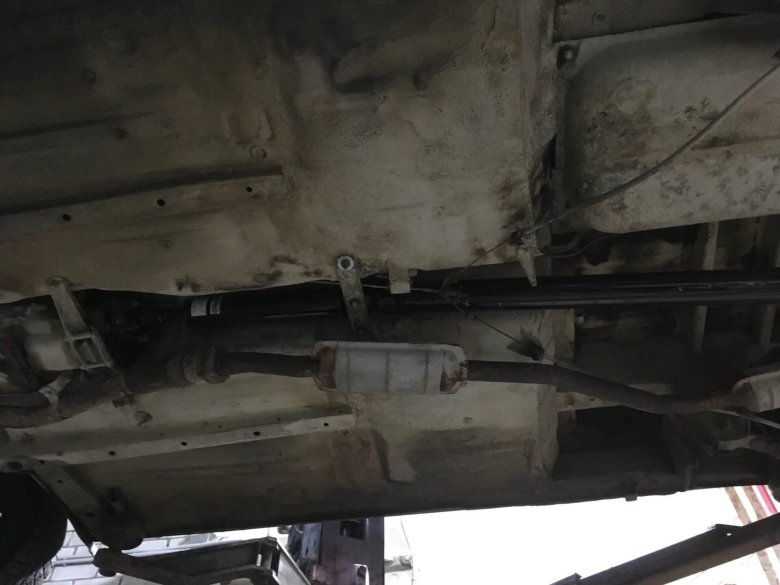 Кардан ИЖ 27175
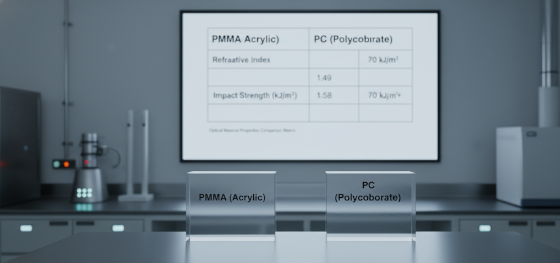 pc vs pmma optics pc vs pmma optics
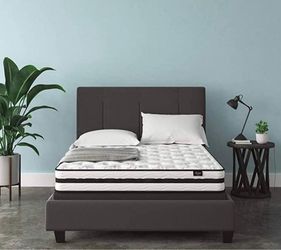 Signature Ashley- Queen Hybrid Mattress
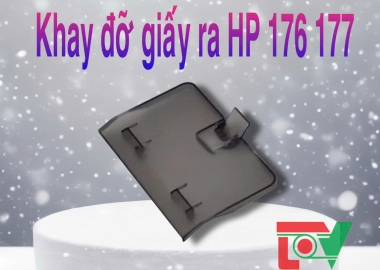 Đỡ giấy ra HP 176 - 177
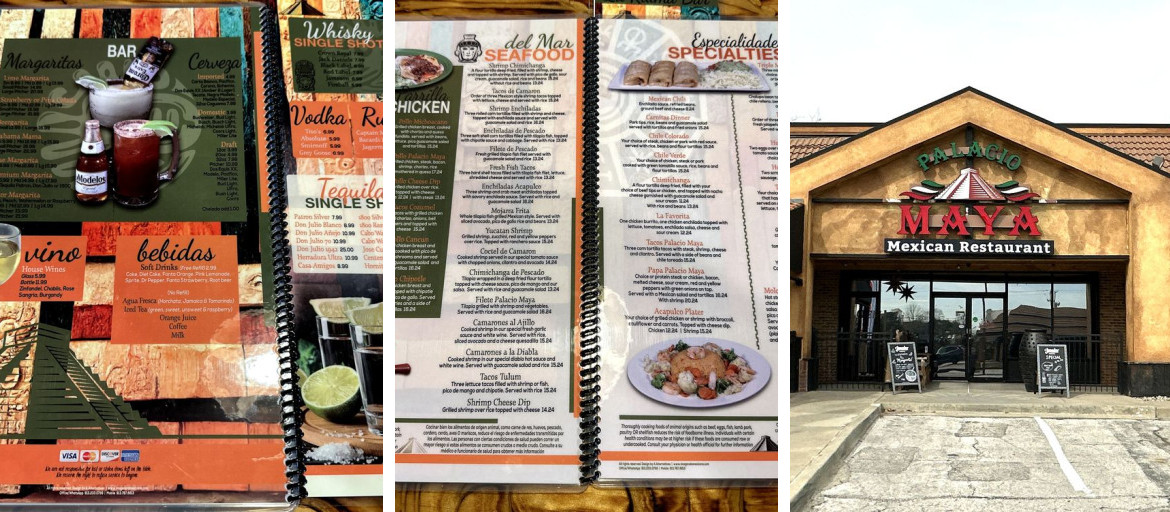 Palacio Maya Mexican Restaurant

━━━━━━━━━━━━━━━━━━━━

» **Work instructions**: Restrict the output to the lines from the one with "Đỡ giấy ra HP 176 - 177" through the last line of the material above. Print them exactly, leaving out every picture.

» **Response for this exercise**:
 Đỡ giấy ra HP 176 - 177
 Palacio Maya Mexican Restaurant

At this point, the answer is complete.